Krowkee integration #2

bwpriest · 2022-03-21T19:26:21Z

No description provided.

…ark experiment.

steiltre · 2022-03-22T23:13:02Z

src/embed_ygm.cpp

+                << ", " << world.routing_protocol() << ", " << range_size
+                << ", " << vertex_count << ", "
+                << local_edge_count * world.size() << ", "
+                << compaction_threshold << ", " << promotion_threshold;


Can you print the seed after the promotion threshold to match the headers?

Oops! fixed.

bwpriest · 2022-03-23T19:30:11Z

Does the rmat_edge_generator have a large memory footprint? I am implementing an RMAT version of the embedding test and it is throwing OOM errors, even at significantly lower local_edge_count scales than the corresponding uniform benchmark.

For comparison, I tested embedding a graph with 2^26 vertices and 2^21 * 36 edges in the uniform case. However, the RMAT version appears to top out at 2^26 vertices and 2^14 * 36 edges. Adding more edges causes OOM errors. I am confident that the issue is not in krowkee due to the aforementioned uniform test. krowkee should be using the same amount of memory in each case, as it scales only with vertex_count.

In both cases I am storing the edges after generation in a std::vector<std::uint64_t, std::uint64_t> buffer, so it is not simply a matter of there being too many edges either.

Any ideas?

steiltre · 2022-03-23T20:48:34Z

The RMAT generator shouldn't be using much memory. It's essentially a handful of doubles, ints, and bools. I have been able to use the RMAT for experiments that amount to 2^26 vertices per compute node and 10M edges per MPI rank.

Are you using the rmat_edge_generator or the distributed_rmat_edge_generator? The distributed version handles making sure each rank's random number generator is given a unique seed and takes a global edge count. Giving the non-distributed version a global edge count would generate more edges than expected, which could be causing your OOM.

bwpriest · 2022-03-23T22:12:59Z

I am using the distributed_rmat_edge_generator, that was a typo on my part in the comment.
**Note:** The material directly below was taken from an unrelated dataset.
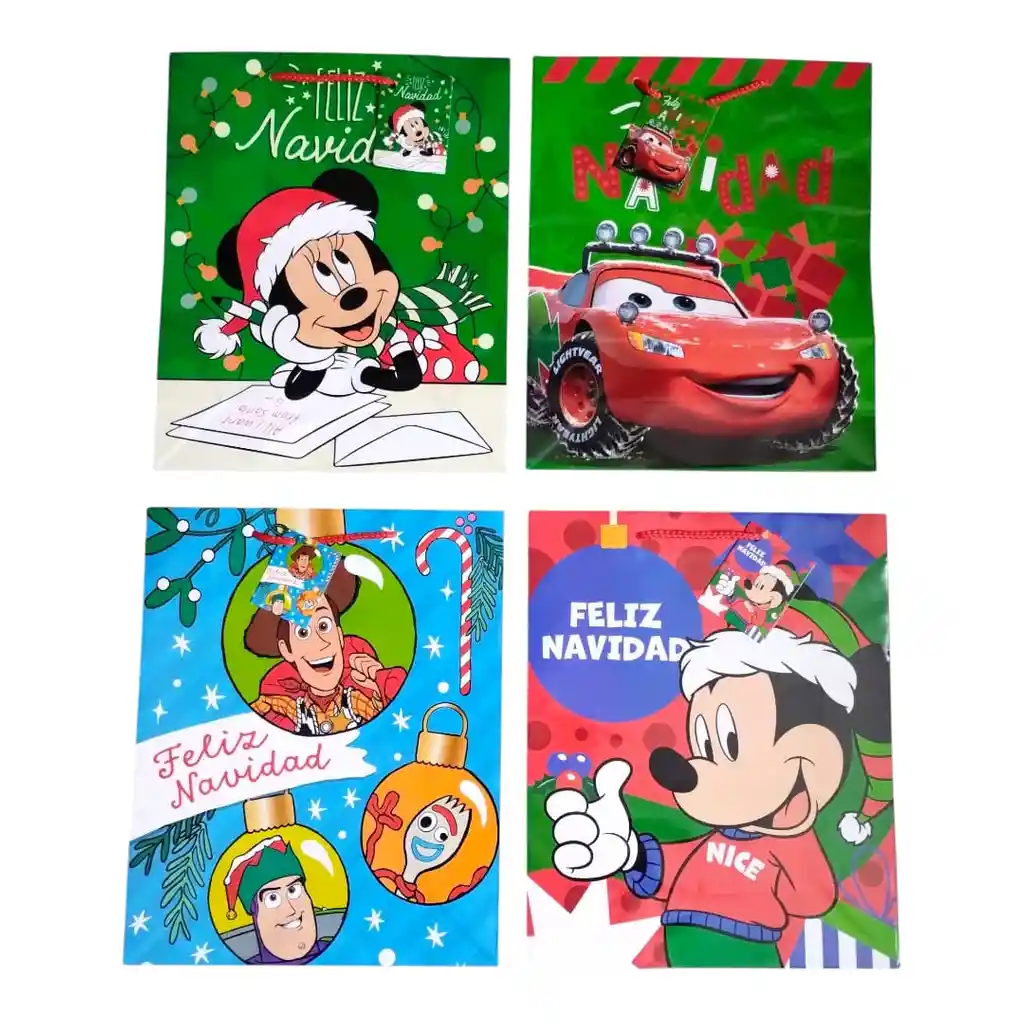 Bolsa Regalo De Navidad Mickey 32cm*26cm L Primavera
I've been picking the experiment apart, and there is definitely something that I am not understanding.

It appears that the distributed_edge_generator returns the same edges to each rank. I instrumented histo_rmat_ygm to check the global number of nonzeros and well as the maximum and minimum vertex indices on each rank. The global number of nonzeros agrees with the same number of unique local vertices on each rank, which is extremely unlikely. Moreover, the minimum and maximum vertex IDs on each rank agree, which reinforces my theory.

I am still not sure why this would cause OOM issues when interfacing with krowkee, but in any case it looks like a bug.

bwpriest · 2022-03-23T22:29:39Z

I've illustrated the issue with changes in PR #3

steiltre · 2022-03-23T22:29:54Z

Shoot. You're right. I was using trial as my seed for the distributed_rmat_edge_generator, but the seed given to the local rmat_edge_generator is determined by multiplying this value by world.rank()+1.

In the case that trial==0, this would cause all ranks to generate the same edges.

…that it each iteration starts fresh.

bwpriest · 2022-03-23T22:39:57Z

So is the fix as simple as changing seed * (world.rank() + 1) to (seed + 1) * (world.rank() + 1) in `distributed_rmat_edge_generator?

steiltre · 2022-03-23T22:50:08Z

Yeah. I just played with the code from PR #3. The first trial has the local and global stats agree, but the second does not.

Adding a bigger number is 'better' so each trial ends up with more distinct edges.

Thanks for pointing out this bug.

bwpriest · 2022-03-23T23:00:38Z

There is suddenly a new compile issue relating to the recent commit to the feature/routing branch.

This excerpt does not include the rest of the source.